Alongside this, household consumption has strengthened over the past year, supported by rising real household incomes. Signs are emerging of stronger household spending on discretionary services, suggesting that households may be more confidently navigating cost‑of‑living pressures.

Treasury is monitoring the economic impact of recent natural disasters. Around 1.4 million people are living in areas affected by bushfires in Victoria and flooding in Queensland. We currently estimate the loss of economic activity could reach nearly $1 billion, or around 0.1 per cent of real quarterly GDP. Support for affected communities is being delivered through Commonwealth and state government arrangements.

Labour force and wages

The labour market was broadly stable through 2025, with high participation and low unemployment. This stability is expected to continue in the forecast period.
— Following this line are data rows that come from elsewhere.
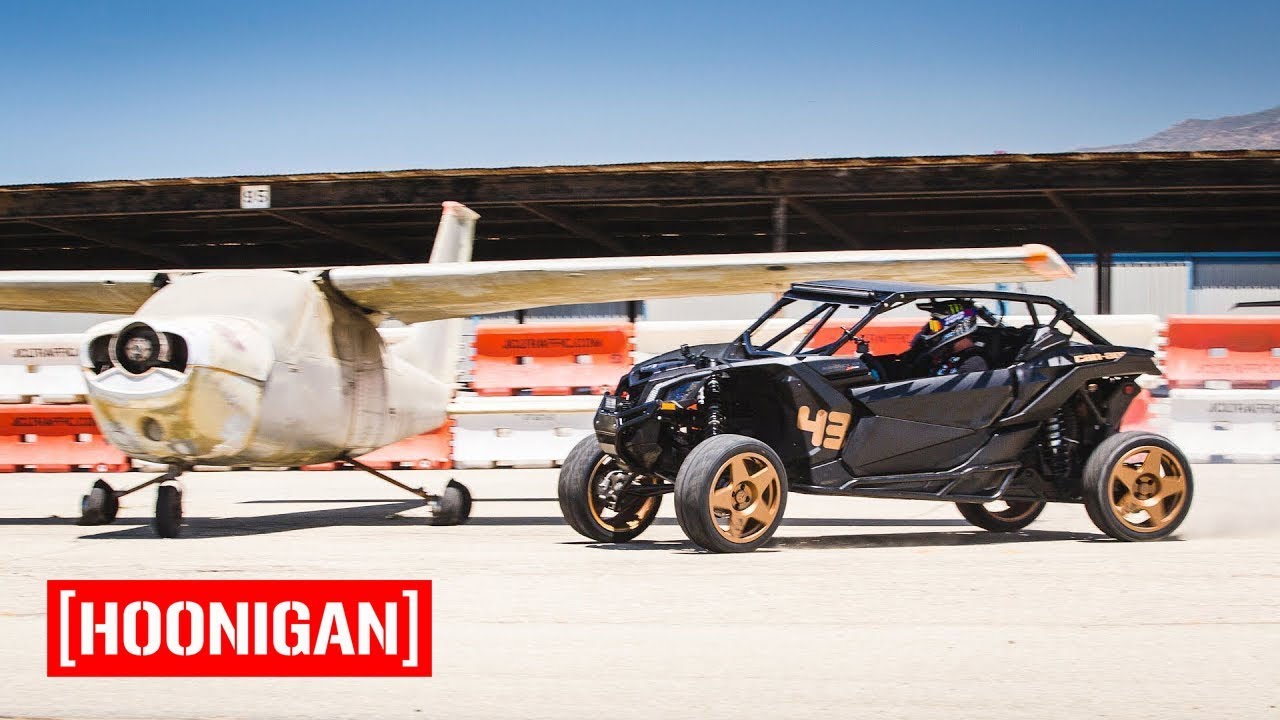[HOONIGAN] Field Trip 008: Ken Block Gymkhana Testing CanAM X3 with Jason Ellis
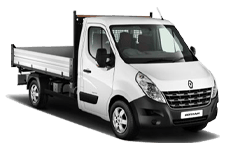 Car Hire Boston - 3.5 Tonne Tipper Transit - Van hire Boston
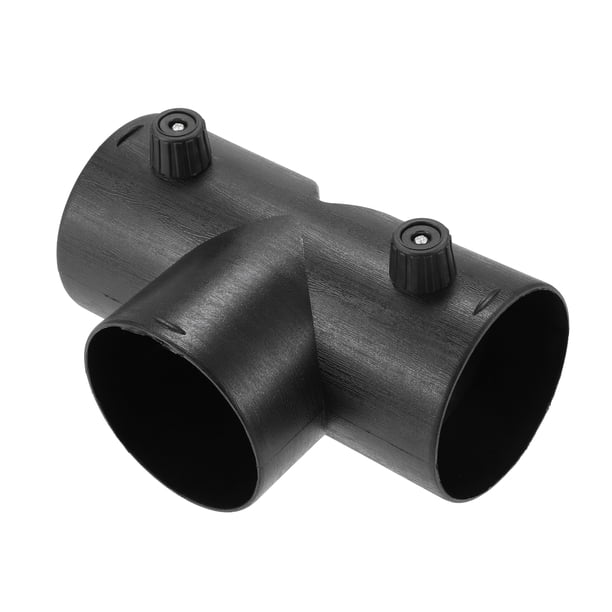 75mm Coche Calentador Cálido 3 Vías Codo Tubería T Forma Salida Conector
In December 2025, the unemployment rate fell to 4.1 per cent and the participation rate remained high by historical standards. The labour market is expected to soften a little this year, but the unemployment rate is expected to remain low by historical standards.

Employment growth eased through 2025. This reflected a slowdown in non‑market sector employment, which was partially offset by market sector employment recovering, consistent with the shift from public‑sector to private‑sector‑led growth. Indicators such as job vacancies and business surveys of hiring intentions are steady, suggesting employment will continue to grow around its current pace in the near term.

The labour force participation rate was 66.7 per cent in December. While it eased slightly in 2025, it remains well above pre‑pandemic levels. Australia has avoided the large rises in unemployment or sharp declines in participation seen in other advanced economies over the past few years.

Inflation

After inflation moderated substantially from its peak in late 2022, it increased in the second half of last year. Headline inflation was 3.6 per cent over the year to the December quarter, a little above the 2025–26 MYEFO forecast. A major contributor to this increase was the expiry of state government electricity rebates. Headline inflation is likely to increase further in January as Commonwealth rebates come to an end.

Measures of underlying inflation, which largely exclude the impacts of rebates and other one‑off factors, also rose in the second half of 2025. While the December quarter outcome was a little less than the September quarter outcome, both were higher than we had expected. The RBA’s preferred measure of underlying inflation — the quarterly trimmed mean — rose from 2.7 per cent over the year to the June quarter to 3.4 per cent over the year to the December quarter.

Our assessment is that the pickup in underlying inflation reflects a combination of temporary and more persistent factors. The temporary factors include some businesses and service providers rebuilding margins, following a period in which they had been unable to pass higher input costs on to households, and volatility in travel components. More persistence has been observed in the food and market services components, in particular.

These recent data have increased the risk that inflation is higher and takes longer to return to the target band, than expected at MYEFO. Expected ongoing constrained growth in wages and the higher exchange rate should support inflation returning to the target band.

Close

Finally, I would like to confirm that on 13 January, Treasury’s internal audit provider commenced a management‑initiated review of the adequacy and effectiveness of the controls for state payments administration. This will consider opportunities to strengthen those controls, taking into account the measures we have already implemented to strengthen our processes, procedures and training. The final report will be delivered to me in March 2026.

The ANAO has also initiated planning for a potential audit into state payment arrangements under the Federation Funding Agreements framework in 2025–26.

Thank you for the opportunity to give this opening statement. I welcome your questions.